What evil spirit have you familiarity
with?
None.
Have you made no contract with the devil?
No.
Why do you hurt these children?
I do not hurt them. I
scorn it.
Who do you imploy then to do it?
I imploy no body.
What creature do you imploy then?
No creature. I am falsely
accused.
In mid-July an effort to expose witches
afflicting his life, Joseph Ballard of nearby Andover enlisted the aid of
the accusing girls of Salem. This action marked the beginning of the
Andover witch hunt.
July 19, Rebecca Nurse (age 70), Susannah
Martin, Elizabeth Howe, Sarah Good, and Sarah Wildes were executed.

August 2-6, the court condemned six more,
George Jacobs, Sr., Martha Carrier, George Burroughs, John and Elizabeth
Proctor, and John Willard.
All were executed on the nineteenth except
Elizabeth Proctor by hanging on Gallows Hill.
The September sitting of the court began
the sixth and ended on the seventeenth. The trial of Mrs. Cory occurred
September 10th, and she was convicted and sentenced on the same day. Mary
Easty, Alice Parker, Ann Pudeator, Dorcas Hoar, and Mary Bradbury were
also tried and condemned.
Mary Bradbury of Salisbury was found guilty
of witchcraft, but managed to escape the jail before execution. She
apparently had assistance in this from her friends and relatives, she was
never re-captured. By Sep 17, Margaret Scott, Wilmott Redd, Samuel
Wardwell, Mary Parker, Abigail Faulkner, Rebecca Eames, Mary Lacy and her
mother Ann Foster, and Abigail Hobbs were tried and condemned.
Mary Lacy of Andover was accused of
witchcraft and admitted to it. She said "me and Martha Carrier did both
ride on a stick or pole when we went to witch meetings at Salem Village."
Ironically, those who confessed to being witches were not executed, but
many of those who denied witchcraft were hung. Mary Lacy was allowed to go
free after her "confession" but she had damned Martha Carrier in the
process. Martha was hung a few weeks later. Mary Lacy's mother, Ann
Foster, died in a Salem Dungeon due to ill treatment from Sheriff George
Corwin.
At the September sitting of the court,
Giles was arraigned.
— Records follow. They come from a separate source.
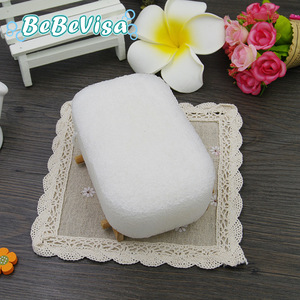 Wholesale 100% Natural Pear Powder Thickened Rectangle Konjac Bath Sponge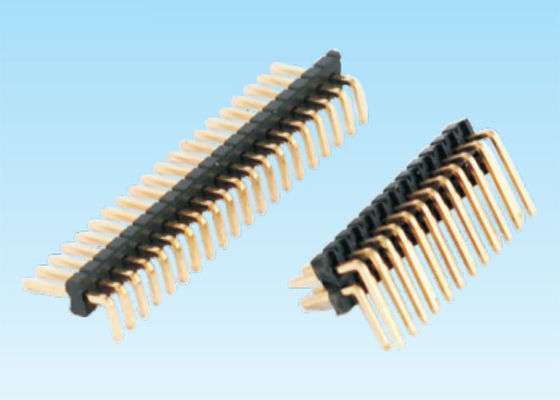 고분고분한 복각 90° 유형 전기 케이블 연결관 1.27mm 피치 ISO9001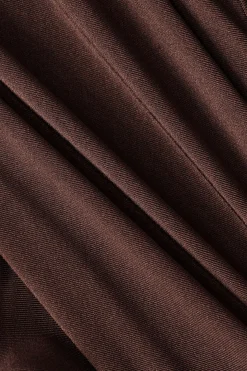 Ruched V-Neck Long Sleeve Maxi Dress
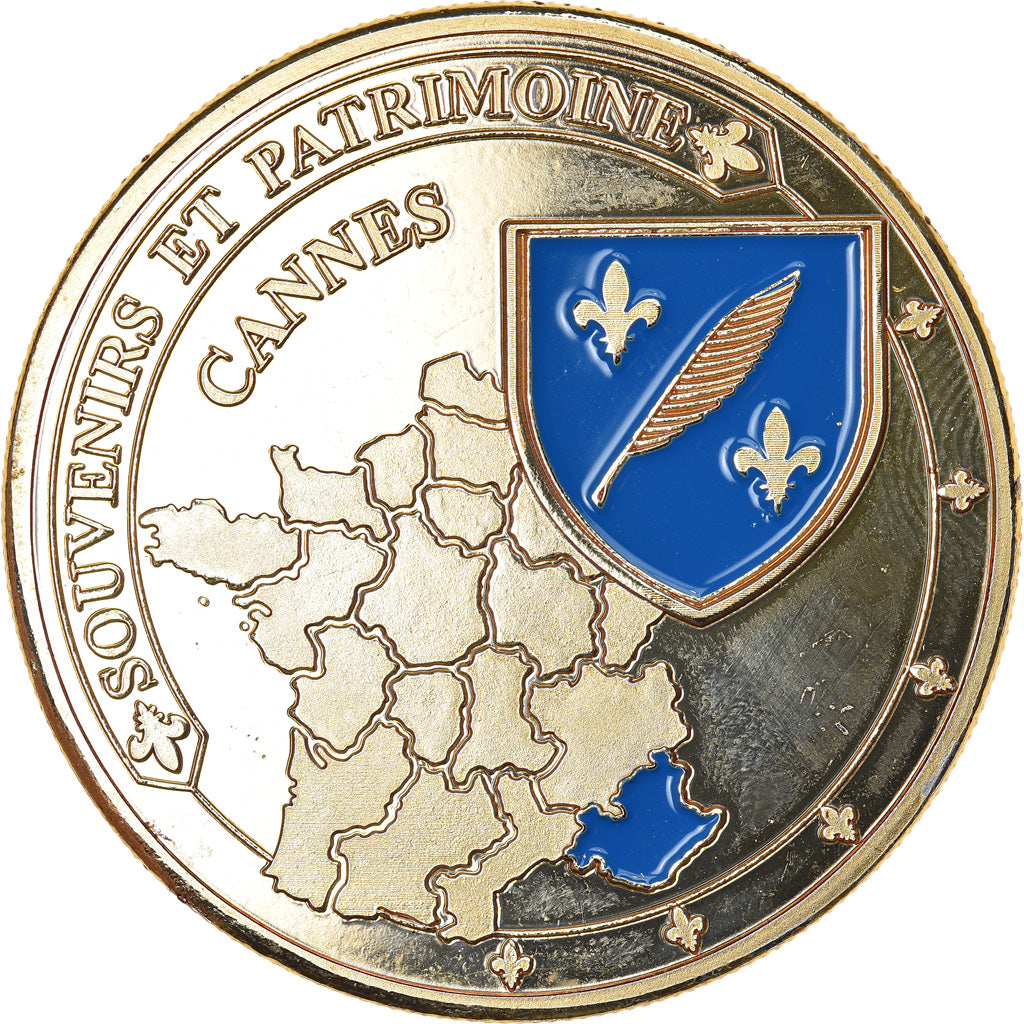 France, Token, Touristic token, Cannes - Ville du 7ème art, Souvenirs et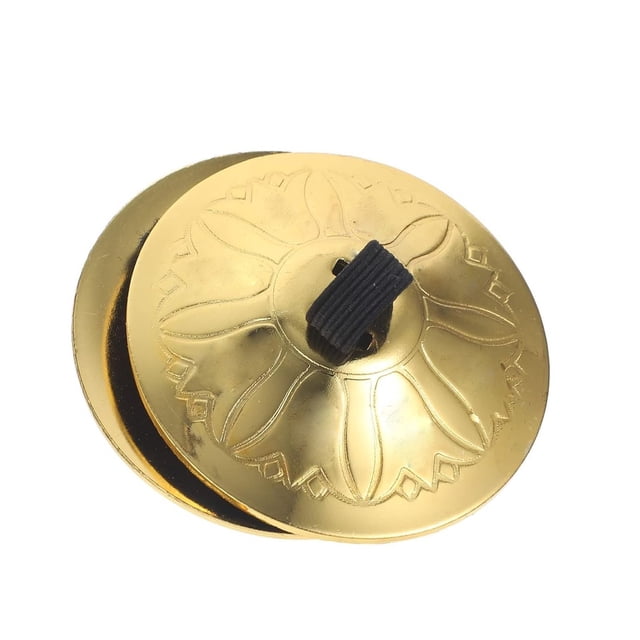 Finger 2Pcs Finger Cymbals Belly Dancing Metal Iron Finger Cymbals Musical Instrument Belly Dancing Finger Dancing Accessories for Party Diameter 5.3 cm/2.1 inch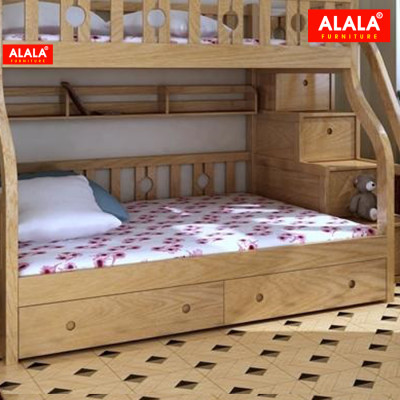 Giường tầng ALALA116 cao cấp/ Miễn phí vận chuyển và lắp đặt/ Đổi trả 30 ngày/ Sản phẩm được bảo hành 5 năm từ thương hiệu ALALA/ Chịu lực 700kg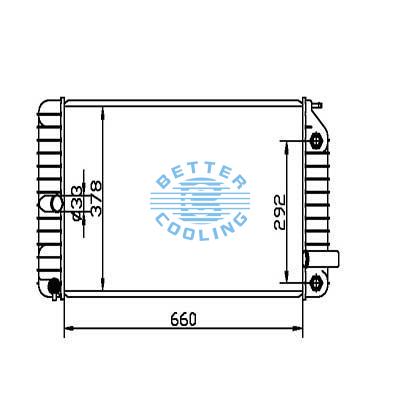 Auto Radiator For Oldsmobile 94-98 Achieva Dpi: 1798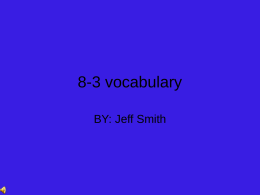 8-3 vocabulary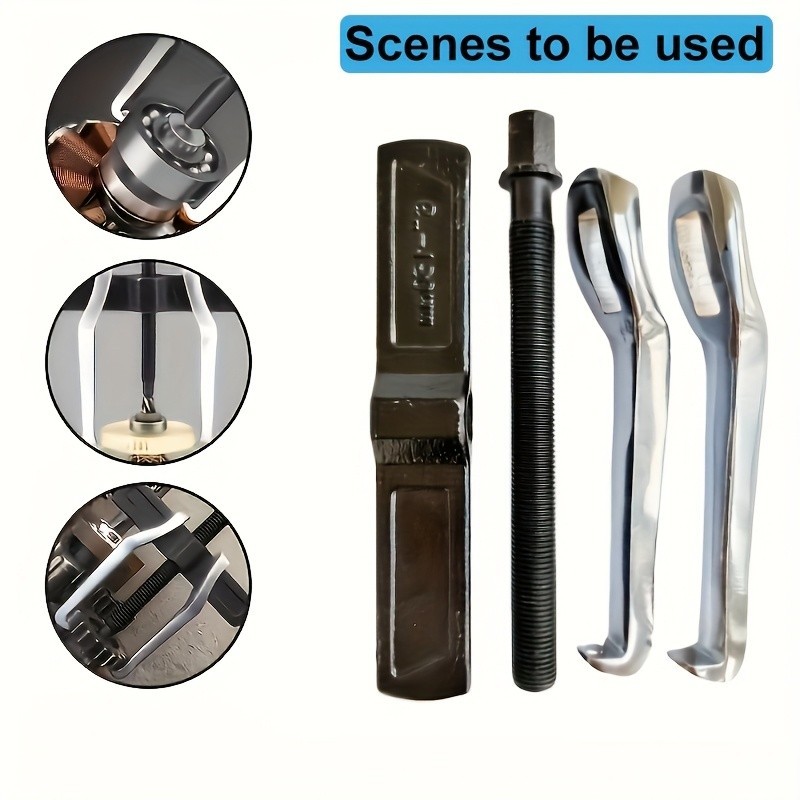 4 in Industrial Two-Jaw Puller - Bearing & Gear Removal for Mechanical Repairs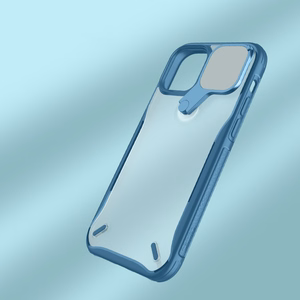 Nillkin Cyclops vāciņš iPhone 13 Pro - melns ar kameru aizsardzību un saliekamu statīvu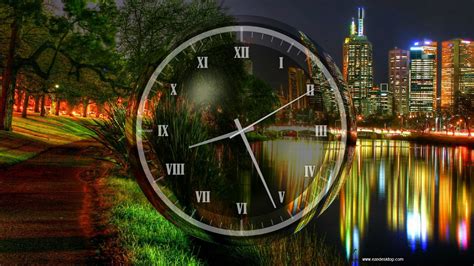 Big Clock On Desktop At Michael Lucas Blog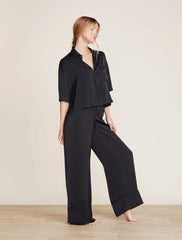 Washed Satin Cropped Dream Shirt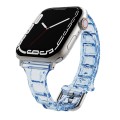 For Apple Watch 8 41mm Cube Airbag Clear TPU Watch Band(Blue)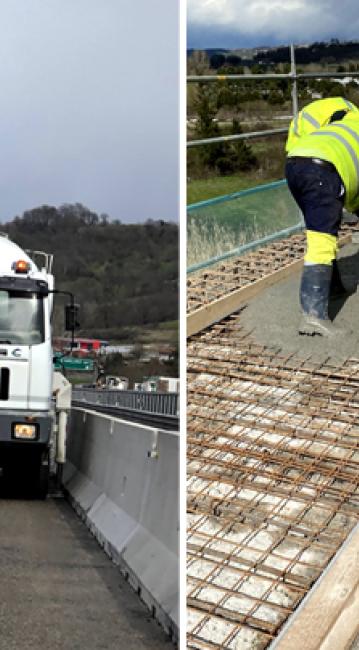 Application of BetonFIP LEGANTE REINFORCED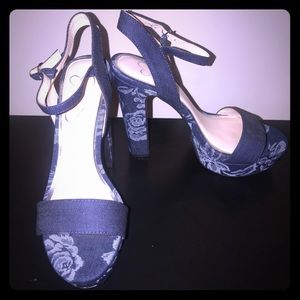 Jessica Simpson Denim Sandals.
The following deposition is by one of the girls who
accused Giles of witchcraft. The document is from the records of the Court
of Oyer and Terminer, September 9, 1692, property of the Supreme Judicial
Court, Division of Archives and Records Preservation, on deposit at the
Essex Institute, Salem, Essex Co, MA.
Mercy Lewis v. Giles Cory
The Deposition of Mercy lewes agged about
19 years woh testifieth and saith that on the 14th April 1692 I saw the
Apperishtion of Giles Cory com and aflect me urging me to writ in his
book and so he contineued most dreadfullly to hurt me by times beating
me & almost braking my back tell the day of his examination being the
19th April and then allso during the time of his examination he did
affect and tortor me most greviously: and also several times sence
urging me vehemently to writ in his book and I veryly believe in my
heart that Giles Cory is a dreadfull wizzard for sence he had ben in
prison he or his apperance has com and most greviously tormented me.
Mercy Lewis affirmed to the jury of
Inquest. that the above written evidence: is the truth upon the oath: she
has formerly taken in court of Oyer & Terminer: Septr 9: 1692
Similar depositions were given by Mercy Lewis, Sarah
Bibber, Mary Warren, Elizabeth Woodwell, Mary Walcott, Elizabeth Hubbard
and Benjamin Gould. Susannah Sheldon's testified that
"the Spectre of Giles Corey Murdered his first
wife & would have murdered this to if she had not been a Witch..."
Thomas Putnam wrote a letter to Judge Samuel Sewall
in which he brought up an old case against Giles Corey:
"...my daughter Ann...there appeared unto her
(she said) a man in a Winding Sheet; who told her that Giles Cory had
Murdered him, by Pressing him to Death with his Feet; but that the Devil
there appeared unto him, and Covenented with him, and promised him, He
should not be Hanged....For all people now Remember very well, (and the
Records of the Court also mention it,) That about Seventeen Years ago,
Giles Cory kept a man in his House, that was almost a Natural Fool:
which Man Dy'd suddenly. A Jury was Impannel'd upon him, among whom was
Dr. Zorobbabel Endicot; who found the man bruised to Death, and having
clodders of Blood about his Heart. The Jury, whereof several are yet
alive, brought in the man Murdered; but as if some Enchantment had
hindred the Prosecution of the Matter, the Court Proceeded not against
Giles Cory, tho' it cost him a great deal of Money to get off."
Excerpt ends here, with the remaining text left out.